At first glance, hearing impairment and heart disease seem to have very little in common. However, the relationship has been hypothesized since the 1960’s, and more recently has been established in epidemiologic studies – with a particular emphasis on heart failure. For example, a recent study by Sterling et al. examined patients in the cross-sectional NHANES Survey aged ≥70 years with a diagnosis of heart failure. The authors described the percentage with quantifiable hearing loss based on pure-tone audiometry (considered the gold standard test).

The main findings: 74% of patients with heart failure had some degree of hearing loss, which was significantly higher than those without heart failure (63%). Further, only 16% of heart failure patients wore hearing aids. Thus there was a disconnect between the burden of hearing loss, and use of a strategy (hearing aids) with proven effectiveness.

Why does this matter? According to the authors: “since patients with HF [heart failure] are frequently in noisy hospitals and clinics where they receive myriad instructions about disease management, it seems likely that untreated hearing loss could impair patient-physician communication and ultimately HF self-care.” After my recent two weeks attending on the inpatient cardiology service, I concur. We are constantly expecting our patients to provide us an accurate history, comprehend diagnostic test results, and adhere to discharge plans, all of which may be affected by hearing impairment.
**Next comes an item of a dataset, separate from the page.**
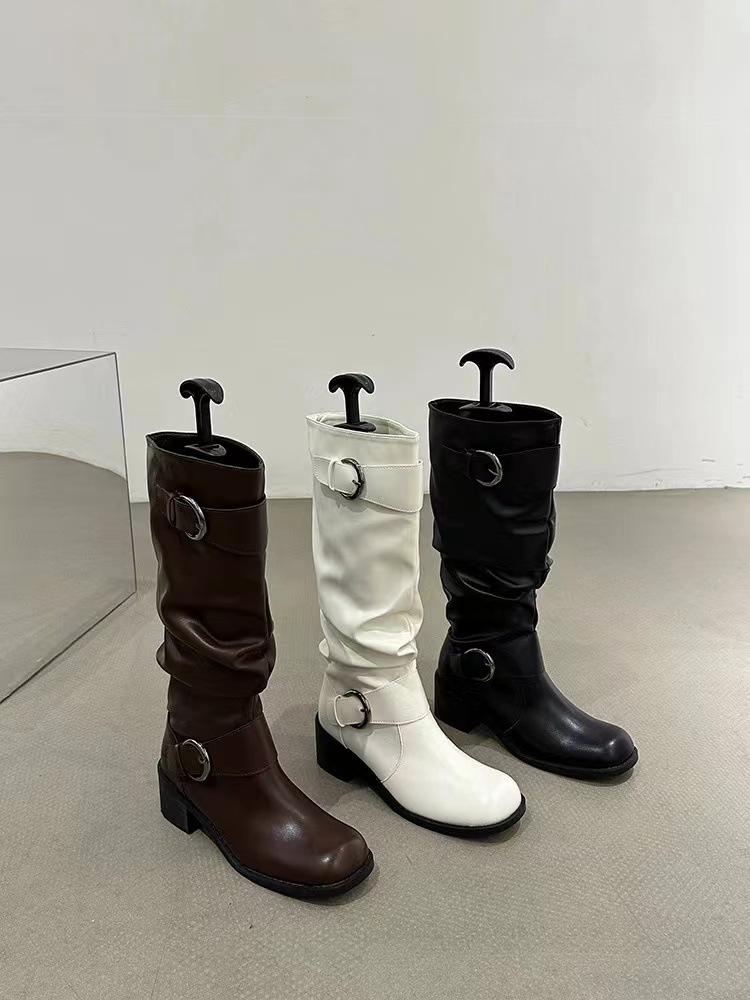 2025 autumn and winter new fashion versatile niche design wasteland wind tall women's boots retro pleated thick heel pile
What are the solutions? The first is to increase identification of hearing impairment through screening – and with advances in technology, I’d predict this can soon be easily done at the bedside with portable electronic devices. The second is to make hearing aids more accessible, including over-the-counter purchases – and recently there has been some notable advocacy work advancing laws to increase access. Through these two simple strategies, we may be able to make meaningful improvements in the health of our older cardiac patients.